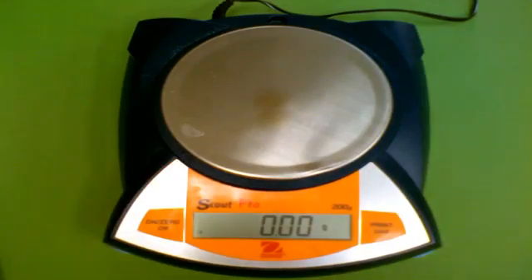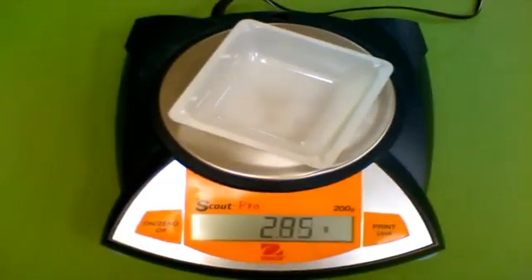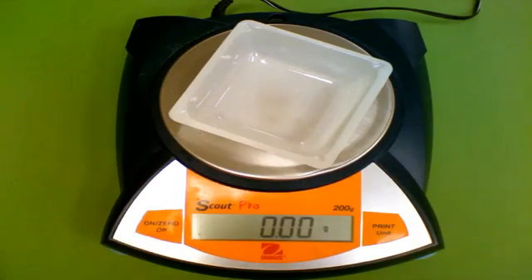To take the mass of any chemical, first place a weighing boat on the balance. You'll notice that the mass increases, so in order to zero that out, press the zero button again. Now you can start with a zero value.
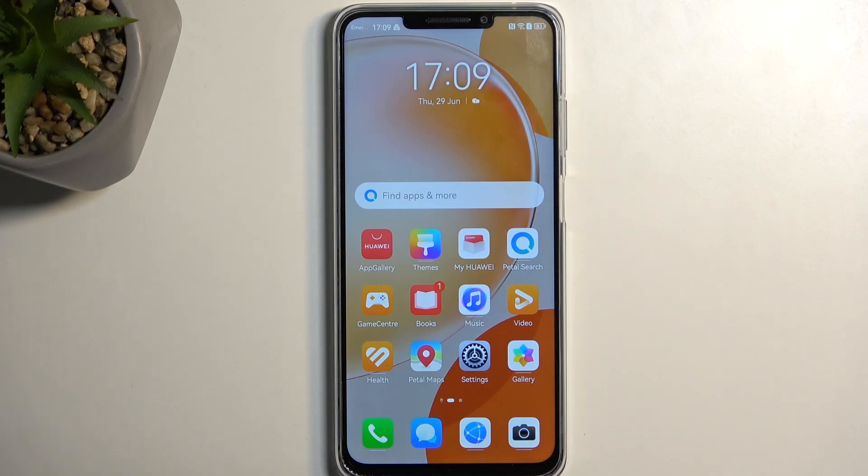Welcome and follow me — this is a Huawei Nova Y91 and today I'll show you how you can hard reset this device through settings.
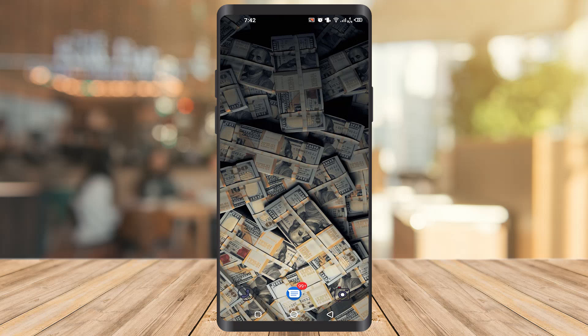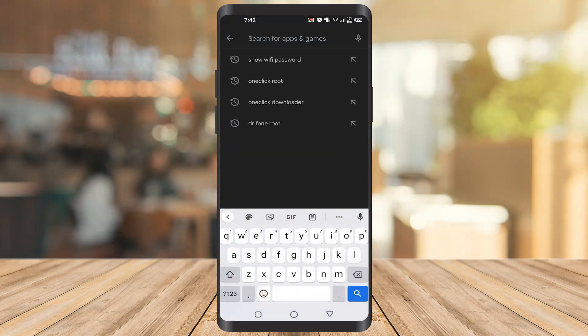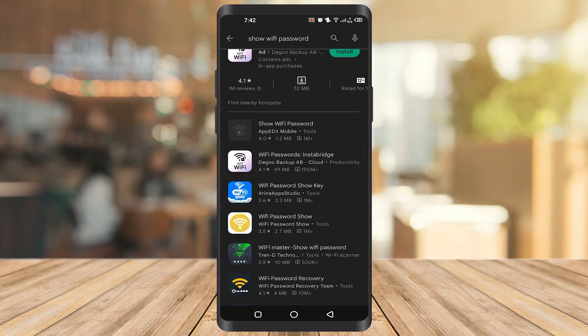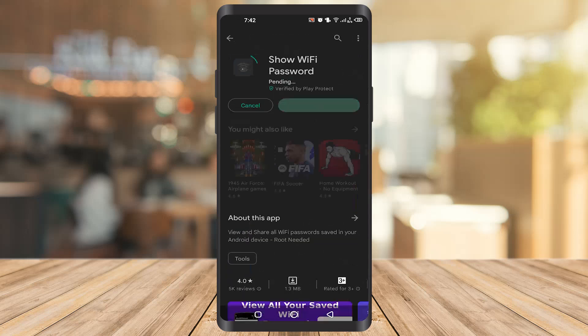First of all, you have to go to the Play Store on your mobile. Once you go to the Play Store, you have to type 'show Wi-Fi password'. Once you click on it, you have to click on the 'Show Wi-Fi Password' app and install it.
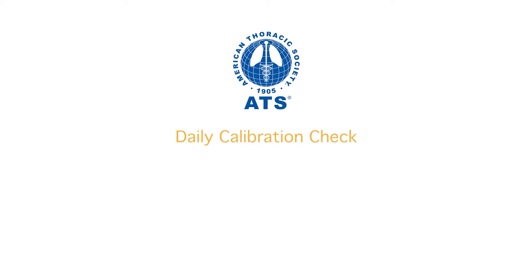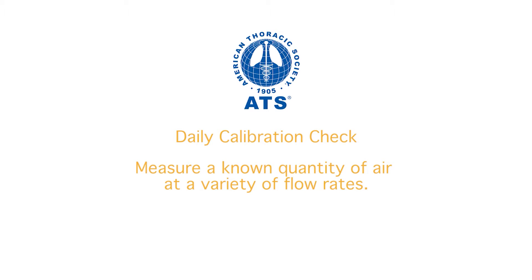The American Thoracic Society recommends that a calibration check be done daily before using the spirometer. The purpose of doing a calibration check is to verify that the spirometer can measure a known quantity of air at a variety of flow rates.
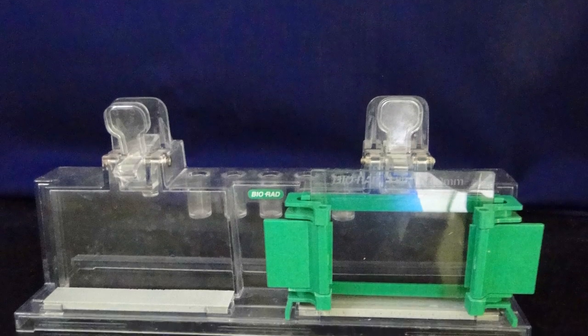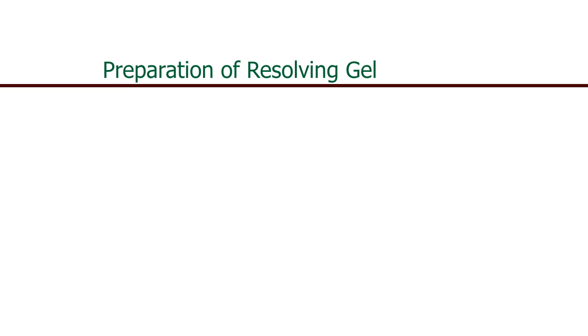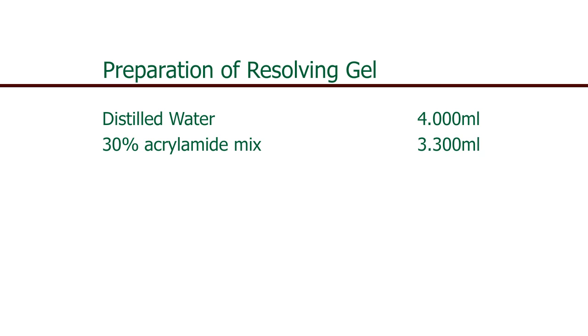Now cast the gels. For the preparation of the resolving gel, we require: distilled water of 4 ml, 30% acrylamide mix of 3.3 ml, and 1.5 molar Tris of pH 8.8 of 2.5 ml.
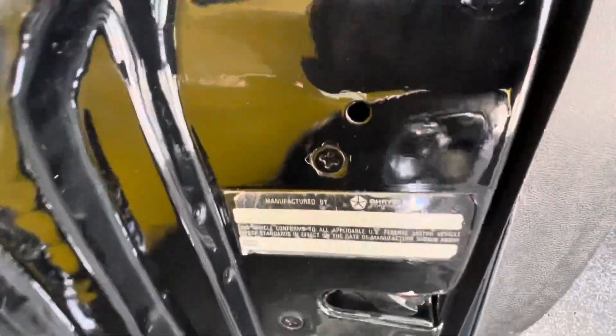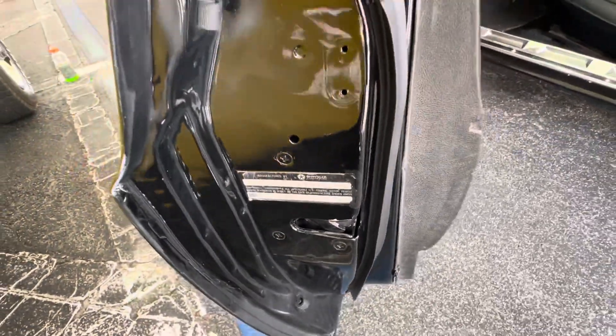It's got an original VIN tag on it. It's been painted around. That's a good sign.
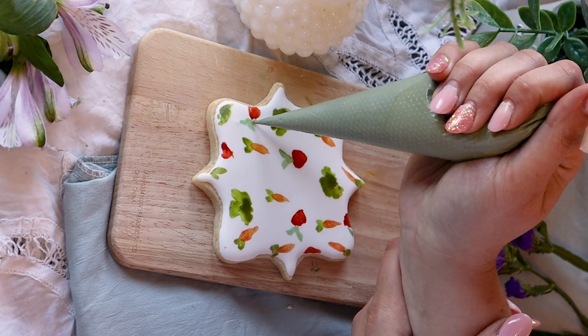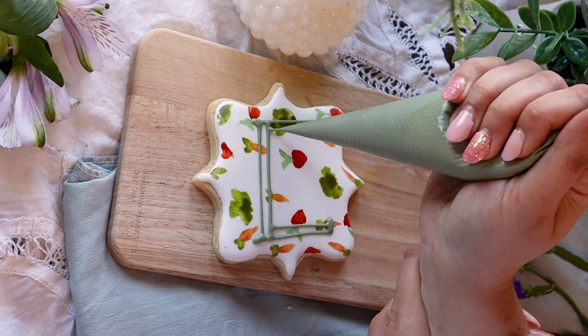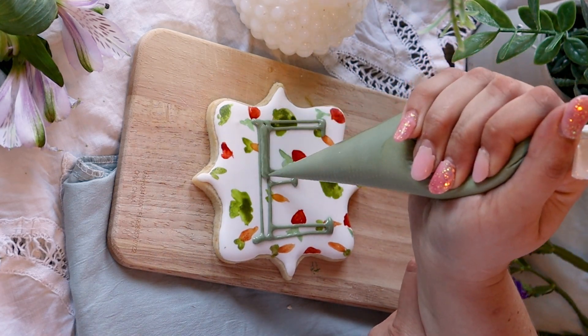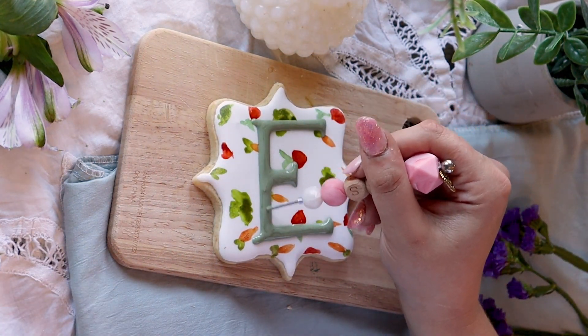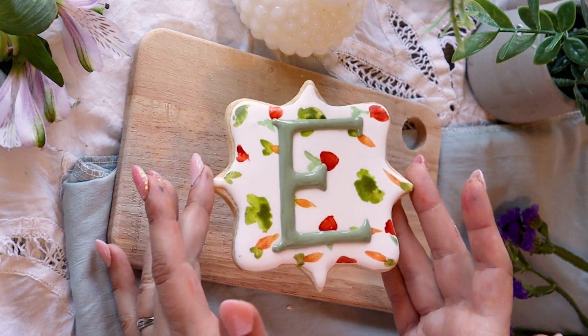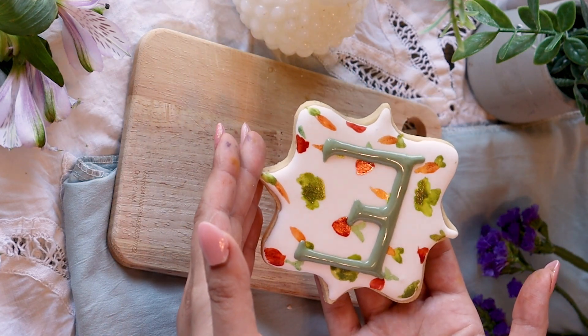For that letter E on top of the pattern, I used thick consistency icing, outlined the letter E, and then filled it in with a flood. I didn't use a projector — mine's actually messed up right now. When you're only doing three or four cookies, it just doesn't seem worth it to get out the projector when you can create that cute feel without it.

*-*-*

> Exercise description:
An exact copy of the records is required. Pictures do not belong in it.

> Exercise output:
To take the mass of any chemical, first place a weighing boat on the balance. You'll notice that the mass increases, so in order to zero that out, press the zero button again. Now you can start with a zero value.
Welcome and follow me — this is a Huawei Nova Y91 and today I'll show you how you can hard reset this device through settings.
First of all, you have to go to the Play Store on your mobile. Once you go to the Play Store, you have to type 'show Wi-Fi password'. Once you click on it, you have to click on the 'Show Wi-Fi Password' app and install it.
The American Thoracic Society recommends that a calibration check be done daily before using the spirometer. The purpose of doing a calibration check is to verify that the spirometer can measure a known quantity of air at a variety of flow rates.
Now cast the gels. For the preparation of the resolving gel, we require: distilled water of 4 ml, 30% acrylamide mix of 3.3 ml, and 1.5 molar Tris of pH 8.8 of 2.5 ml.
It's got an original VIN tag on it. It's been painted around. That's a good sign.
For that letter E on top of the pattern, I used thick consistency icing, outlined the letter E, and then filled it in with a flood. I didn't use a projector — mine's actually messed up right now. When you're only doing three or four cookies, it just doesn't seem worth it to get out the projector when you can create that cute feel without it.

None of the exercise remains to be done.